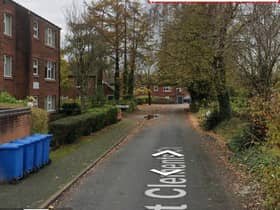 A general view of St Clement's Court, Worsley Mesnes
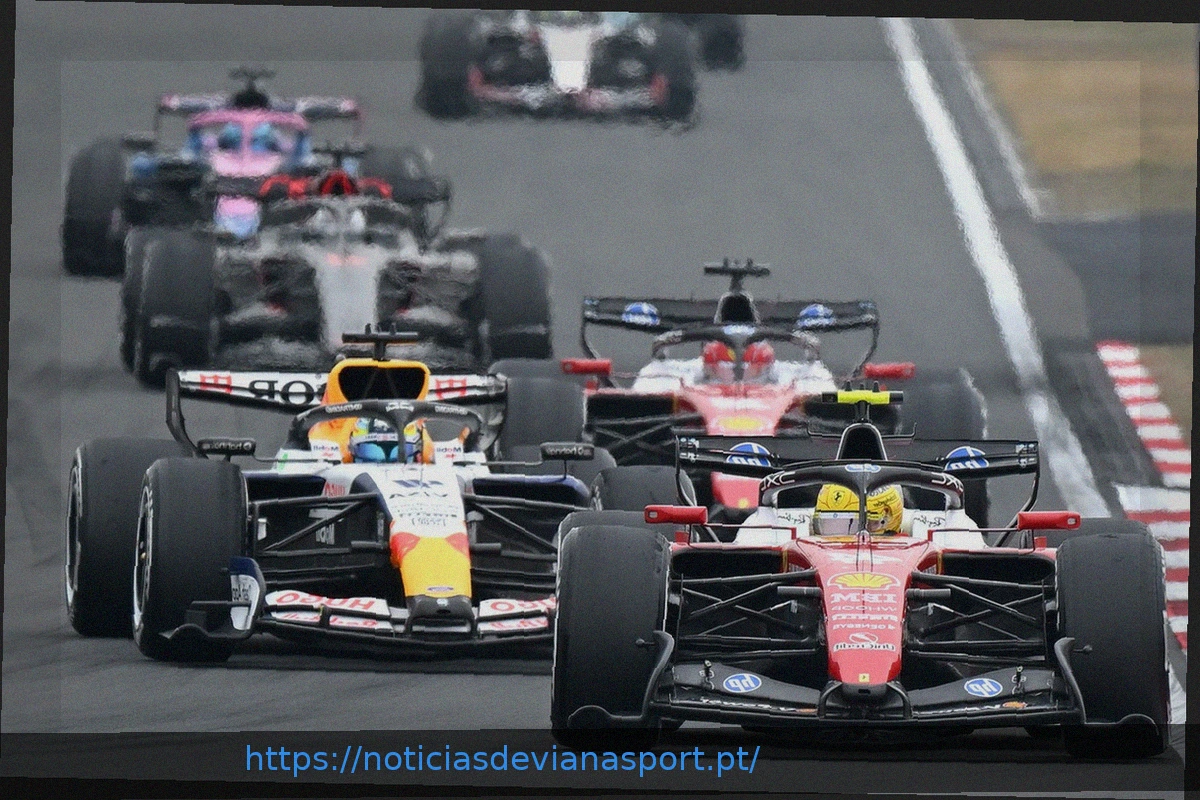 Preview Por que Hamilton acredita que as regras da F1 de 2026 são “o que as corridas deveriam ser” – ao contrário de Verstappen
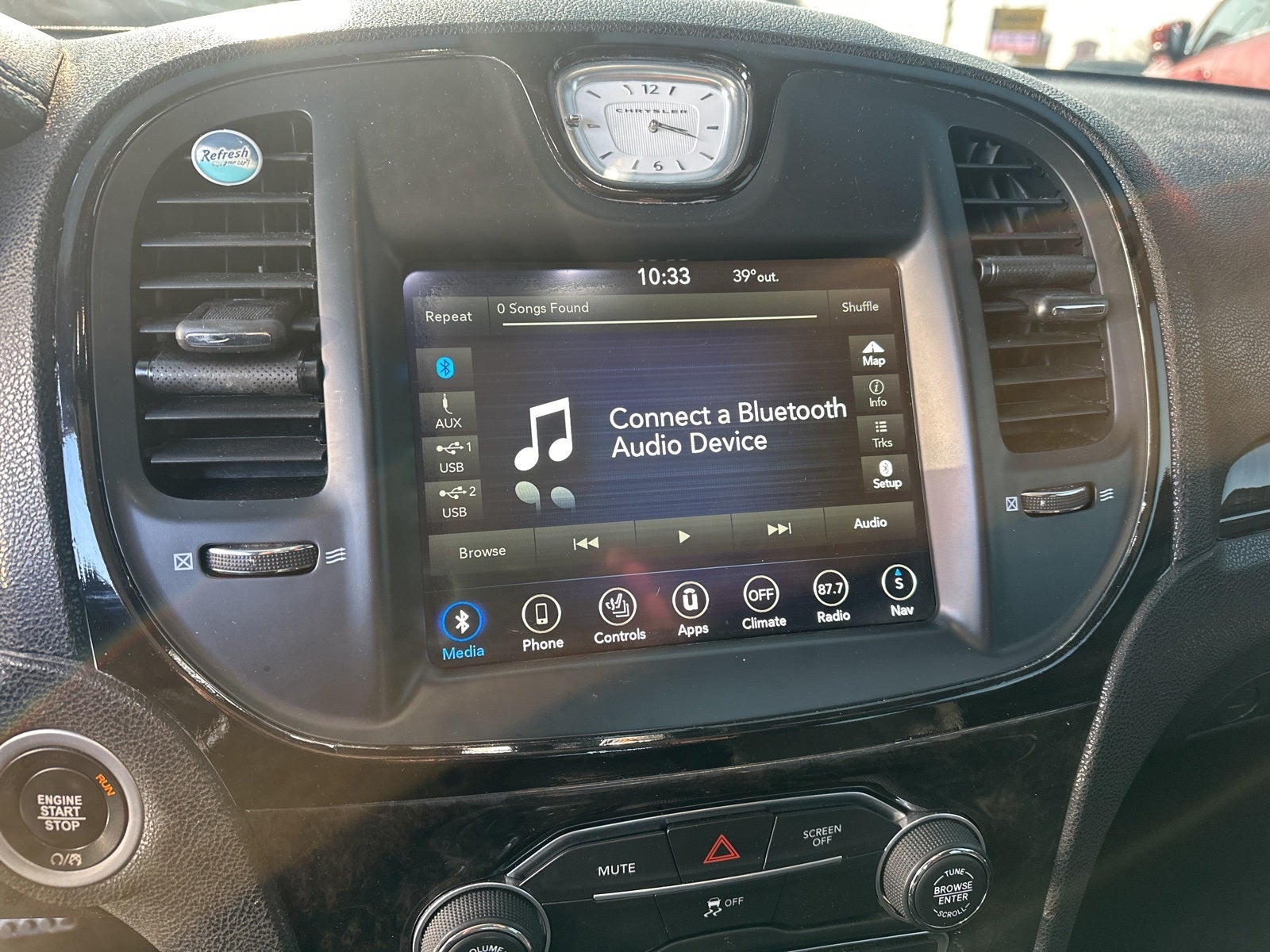 2019 Chrysler 300 Limited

What the exercise asks: The expected output is the full material above, word for word, without pictures.

Your solution:
 A general view of St Clement's Court, Worsley Mesnes
 Preview Por que Hamilton acredita que as regras da F1 de 2026 são “o que as corridas deveriam ser” – ao contrário de Verstappen
 2019 Chrysler 300 Limited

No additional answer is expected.